* [Assignment]
Could the data below please be reproduced word for word, without the pictures?

* [Dataset extract]
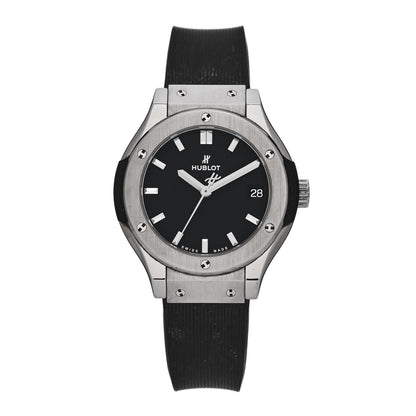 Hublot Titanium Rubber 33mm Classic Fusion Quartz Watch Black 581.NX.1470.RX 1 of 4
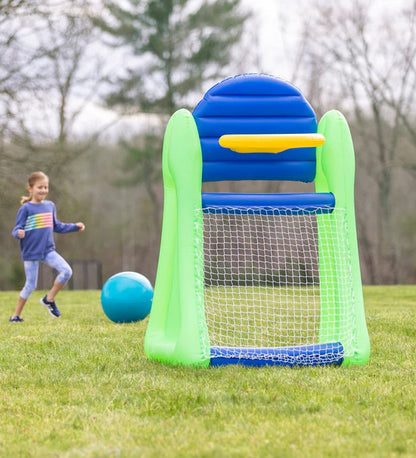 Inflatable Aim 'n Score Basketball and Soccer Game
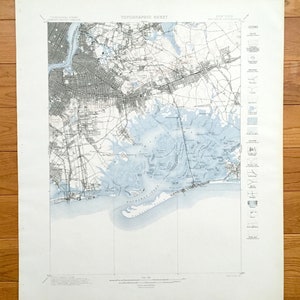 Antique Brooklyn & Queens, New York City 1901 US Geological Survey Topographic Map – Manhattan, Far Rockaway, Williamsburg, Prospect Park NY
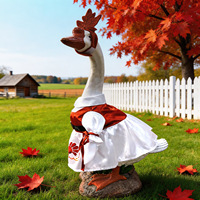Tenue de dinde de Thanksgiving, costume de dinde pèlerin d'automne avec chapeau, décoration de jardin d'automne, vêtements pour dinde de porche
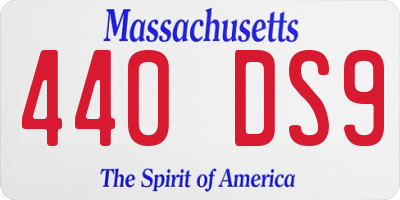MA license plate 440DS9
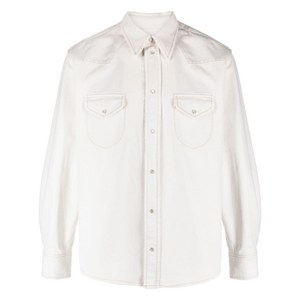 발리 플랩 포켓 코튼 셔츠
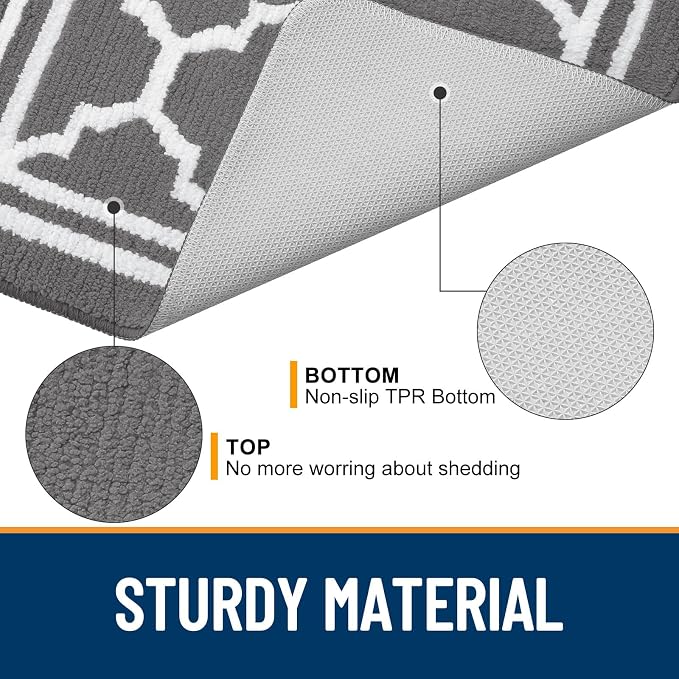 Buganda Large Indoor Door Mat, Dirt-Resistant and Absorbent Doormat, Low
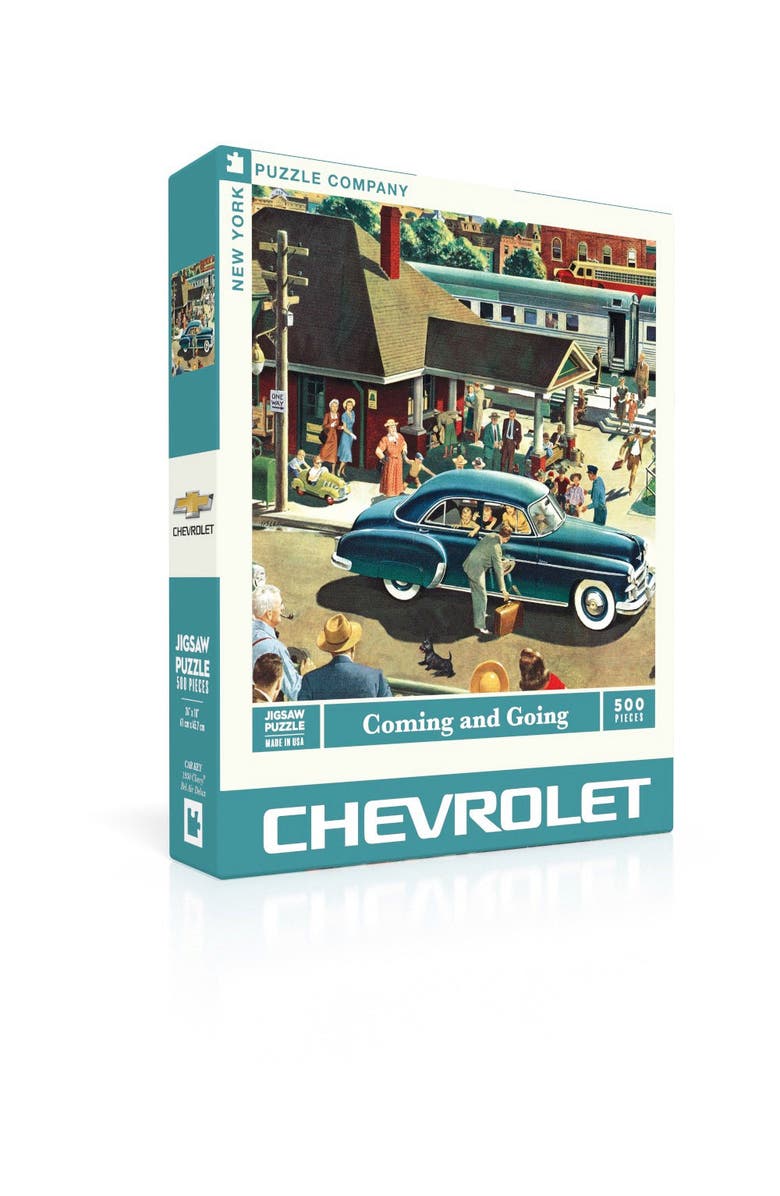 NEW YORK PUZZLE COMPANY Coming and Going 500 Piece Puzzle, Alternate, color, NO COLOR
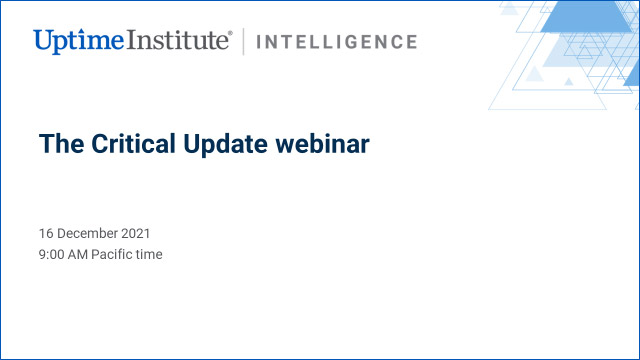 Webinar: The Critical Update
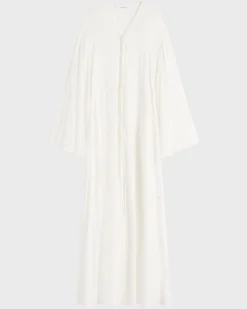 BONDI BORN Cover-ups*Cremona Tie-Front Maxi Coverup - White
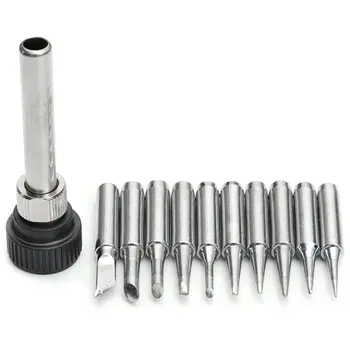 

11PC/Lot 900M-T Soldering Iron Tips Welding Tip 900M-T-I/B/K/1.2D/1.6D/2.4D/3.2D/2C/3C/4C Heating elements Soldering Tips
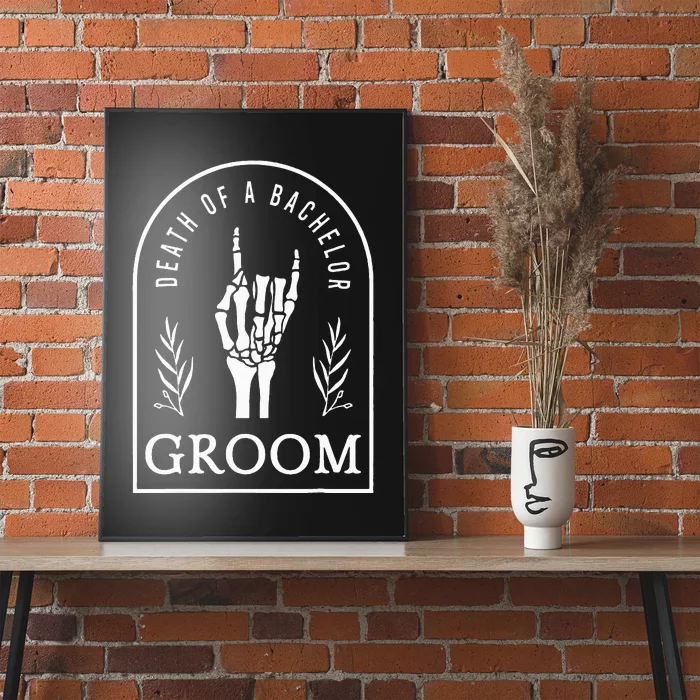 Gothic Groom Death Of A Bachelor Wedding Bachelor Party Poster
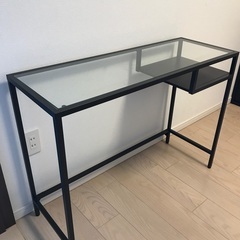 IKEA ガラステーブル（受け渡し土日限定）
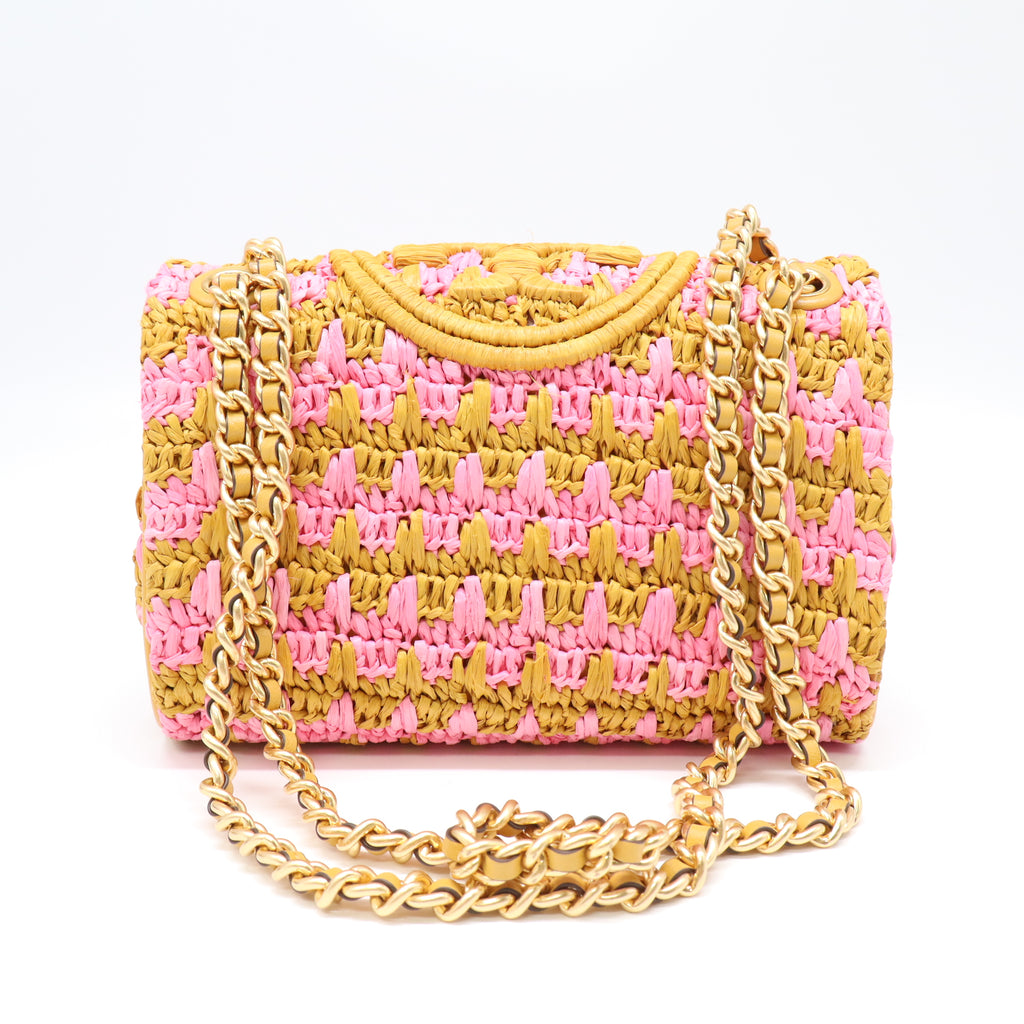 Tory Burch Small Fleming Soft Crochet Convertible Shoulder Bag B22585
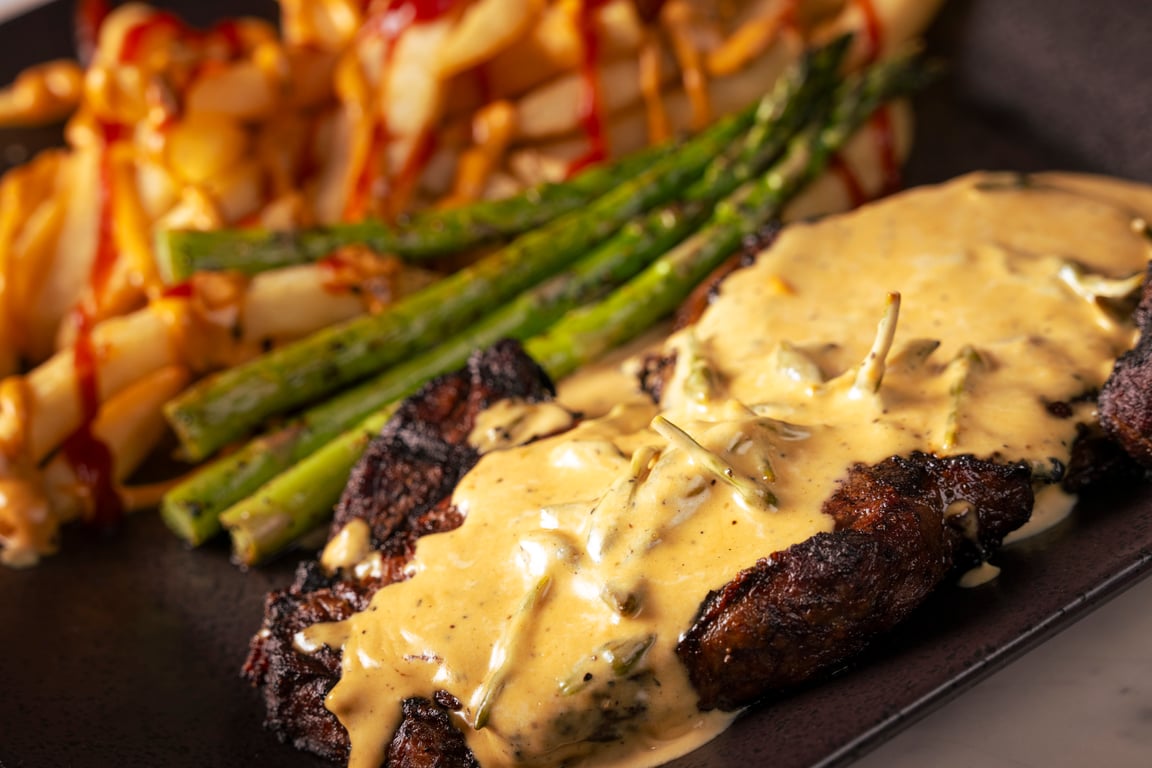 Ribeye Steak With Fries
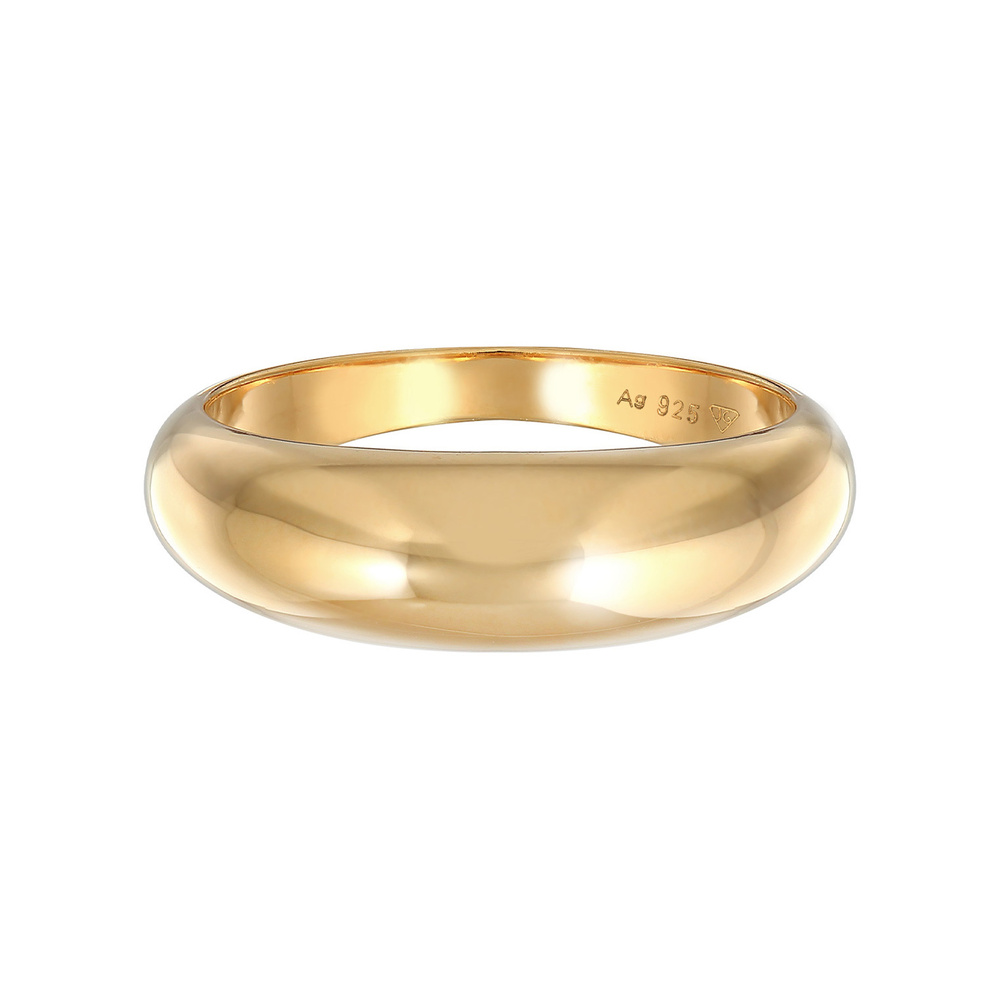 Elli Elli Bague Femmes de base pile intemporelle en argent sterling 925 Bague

* [Output of the exercise]
 Hublot Titanium Rubber 33mm Classic Fusion Quartz Watch Black 581.NX.1470.RX 1 of 4
 Inflatable Aim 'n Score Basketball and Soccer Game
 Antique Brooklyn & Queens, New York City 1901 US Geological Survey Topographic Map – Manhattan, Far Rockaway, Williamsburg, Prospect Park NY
Tenue de dinde de Thanksgiving, costume de dinde pèlerin d'automne avec chapeau, décoration de jardin d'automne, vêtements pour dinde de porche
MA license plate 440DS9
 발리 플랩 포켓 코튼 셔츠
 Buganda Large Indoor Door Mat, Dirt-Resistant and Absorbent Doormat, Low
 NEW YORK PUZZLE COMPANY Coming and Going 500 Piece Puzzle, Alternate, color, NO COLOR
 Webinar: The Critical Update
 BONDI BORN Cover-ups*Cremona Tie-Front Maxi Coverup - White

11PC/Lot 900M-T Soldering Iron Tips Welding Tip 900M-T-I/B/K/1.2D/1.6D/2.4D/3.2D/2C/3C/4C Heating elements Soldering Tips
 Gothic Groom Death Of A Bachelor Wedding Bachelor Party Poster
 IKEA ガラステーブル（受け渡し土日限定）
 Tory Burch Small Fleming Soft Crochet Convertible Shoulder Bag B22585
 Ribeye Steak With Fries
 Elli Elli Bague Femmes de base pile intemporelle en argent sterling 925 Bague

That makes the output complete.